(PROVIDED RECORDS)
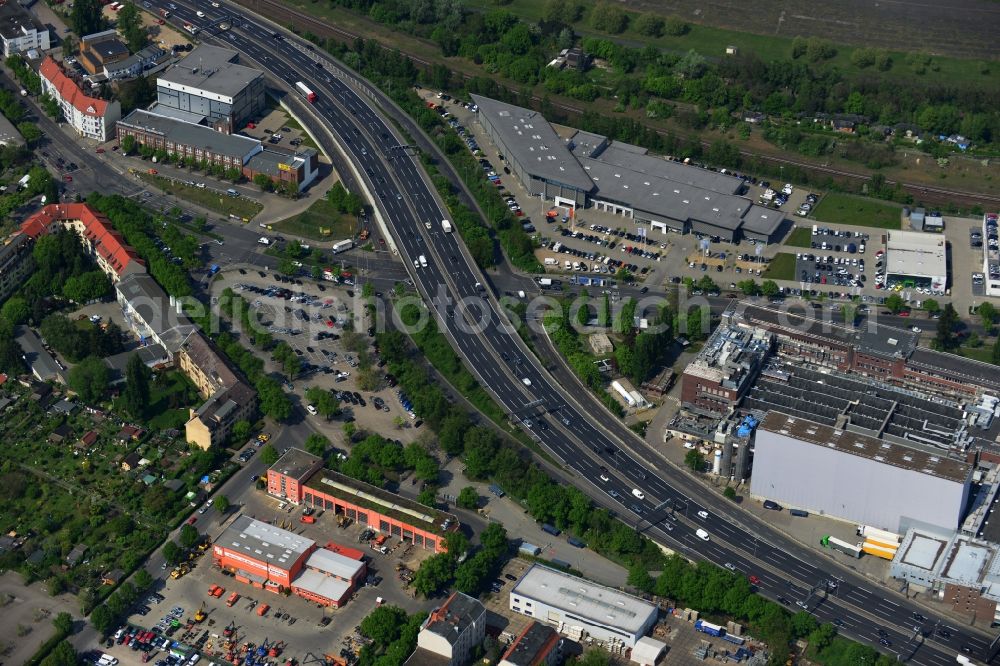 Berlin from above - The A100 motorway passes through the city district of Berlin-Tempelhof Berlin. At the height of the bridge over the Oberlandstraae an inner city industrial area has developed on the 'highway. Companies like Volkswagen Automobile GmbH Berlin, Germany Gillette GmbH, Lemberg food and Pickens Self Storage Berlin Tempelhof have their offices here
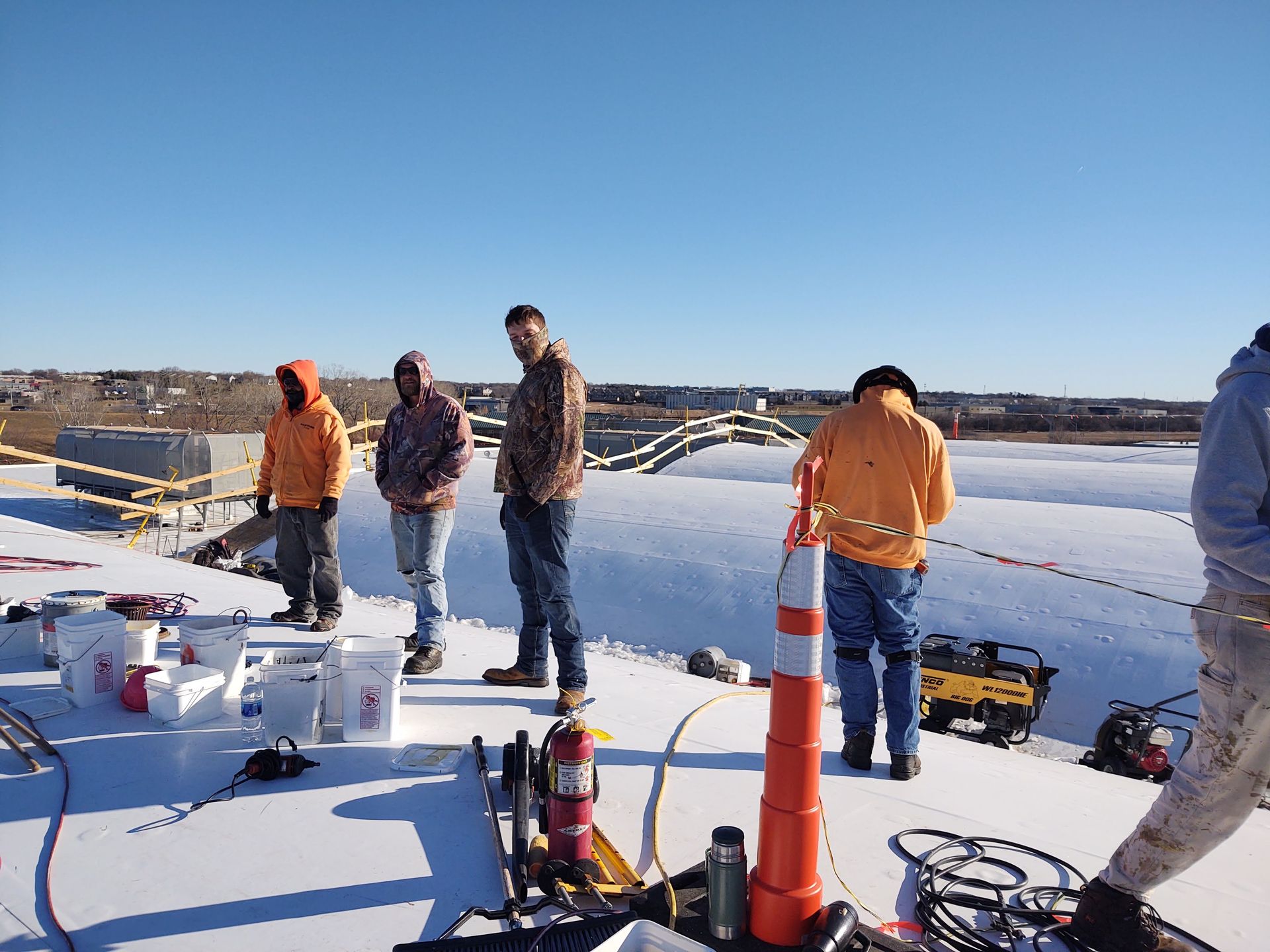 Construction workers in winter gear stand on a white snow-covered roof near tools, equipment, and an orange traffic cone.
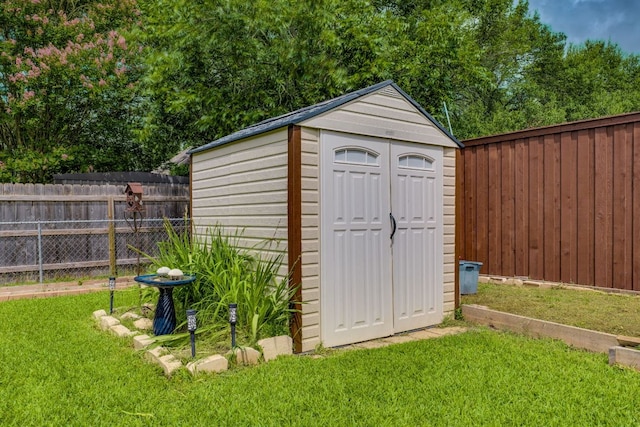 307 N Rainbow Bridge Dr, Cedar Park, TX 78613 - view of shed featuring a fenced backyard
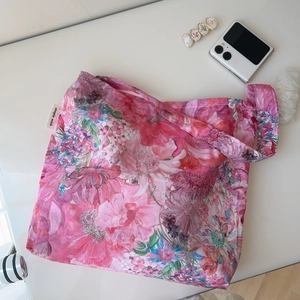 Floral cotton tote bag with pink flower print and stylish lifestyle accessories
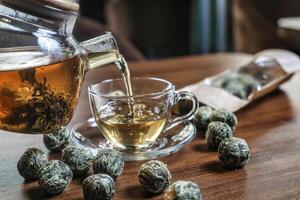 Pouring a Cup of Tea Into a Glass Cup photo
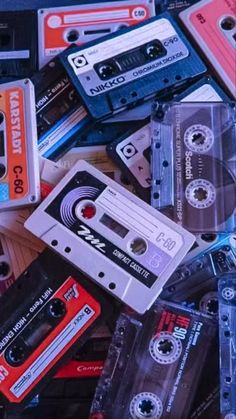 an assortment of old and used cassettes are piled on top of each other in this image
(End PROVIDED RECORDS)
(PROVIDED RECORDS)
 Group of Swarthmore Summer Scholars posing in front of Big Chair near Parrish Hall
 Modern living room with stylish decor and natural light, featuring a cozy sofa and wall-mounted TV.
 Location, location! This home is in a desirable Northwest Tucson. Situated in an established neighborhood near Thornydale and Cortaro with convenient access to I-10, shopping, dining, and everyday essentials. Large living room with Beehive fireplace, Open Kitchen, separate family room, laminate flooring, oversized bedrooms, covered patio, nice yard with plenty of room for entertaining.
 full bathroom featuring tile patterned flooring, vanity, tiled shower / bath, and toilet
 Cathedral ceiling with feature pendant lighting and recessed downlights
(End PROVIDED RECORDS)
EXERCISE REQUIREMENTS:
Quote the data above from the line containing "Modern living room" to the line containing "Location, location! This", inclusive, and stop.

YOUR RESPONSE:
 Modern living room with stylish decor and natural light, featuring a cozy sofa and wall-mounted TV.
 Location, location! This home is in a desirable Northwest Tucson. Situated in an established neighborhood near Thornydale and Cortaro with convenient access to I-10, shopping, dining, and everyday essentials. Large living room with Beehive fireplace, Open Kitchen, separate family room, laminate flooring, oversized bedrooms, covered patio, nice yard with plenty of room for entertaining.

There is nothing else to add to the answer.